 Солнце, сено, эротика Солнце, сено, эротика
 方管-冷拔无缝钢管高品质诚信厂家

----------------

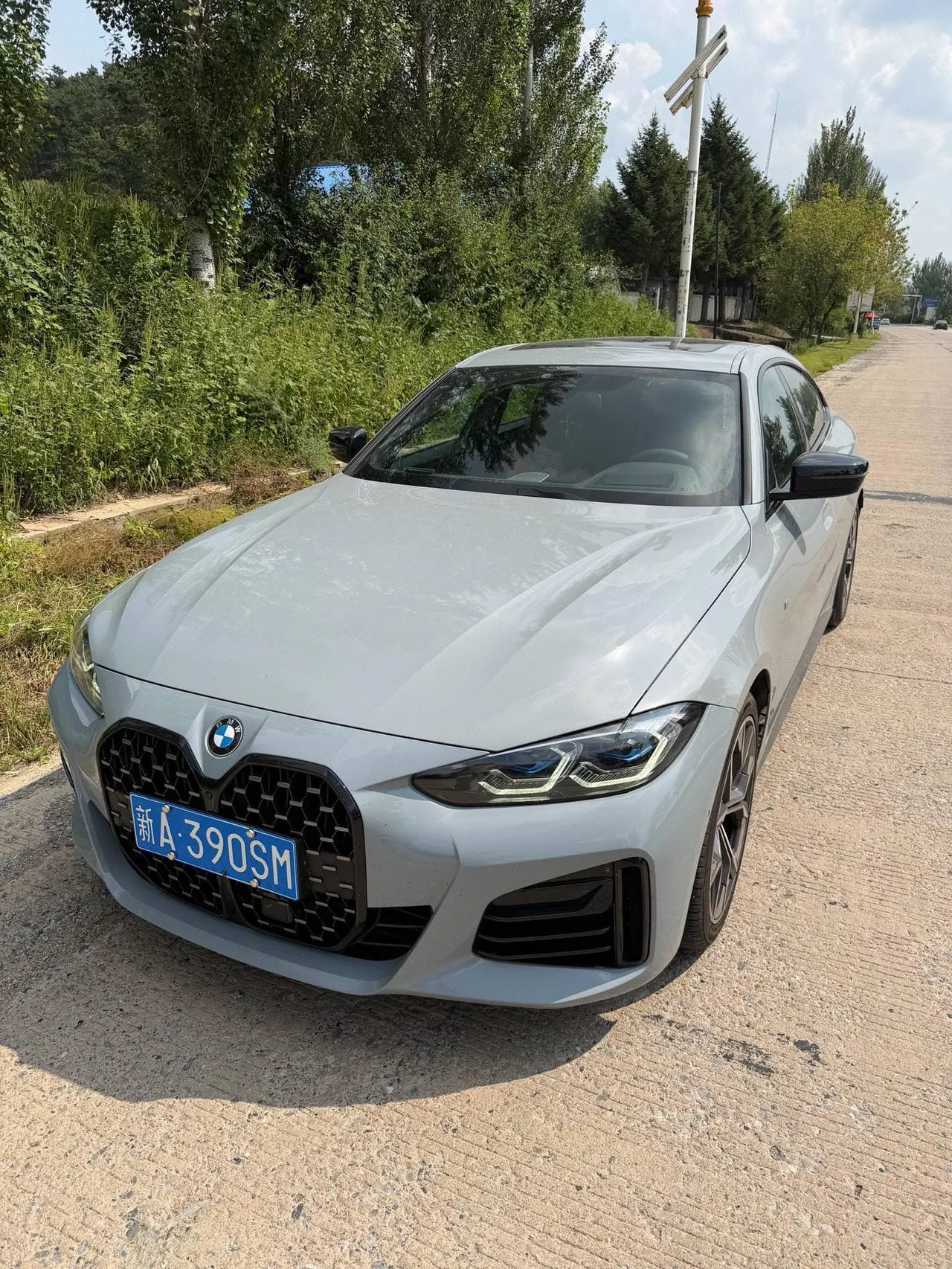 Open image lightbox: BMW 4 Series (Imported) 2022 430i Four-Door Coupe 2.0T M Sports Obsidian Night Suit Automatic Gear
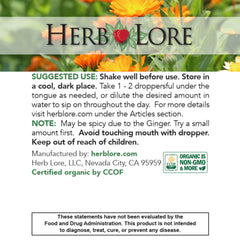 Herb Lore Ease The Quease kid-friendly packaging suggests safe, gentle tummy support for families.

----------------

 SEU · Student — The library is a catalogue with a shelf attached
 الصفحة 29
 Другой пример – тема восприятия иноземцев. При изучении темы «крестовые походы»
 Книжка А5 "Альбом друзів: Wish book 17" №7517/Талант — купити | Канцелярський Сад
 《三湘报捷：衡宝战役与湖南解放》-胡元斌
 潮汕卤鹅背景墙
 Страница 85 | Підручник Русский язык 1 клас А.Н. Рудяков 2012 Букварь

----------------

WHAT YOU WILL DO >> Where the data above reaches the line holding "Солнце, сено, эротика Солнце, сено, эротика", begin printing, and stop after the line holding "方管-冷拔无缝钢管高品质诚信厂家". Each line must be reproduced exactly, with nothing else added.

ANSWER FOR THE TASK >>
 Солнце, сено, эротика Солнце, сено, эротика
 方管-冷拔无缝钢管高品质诚信厂家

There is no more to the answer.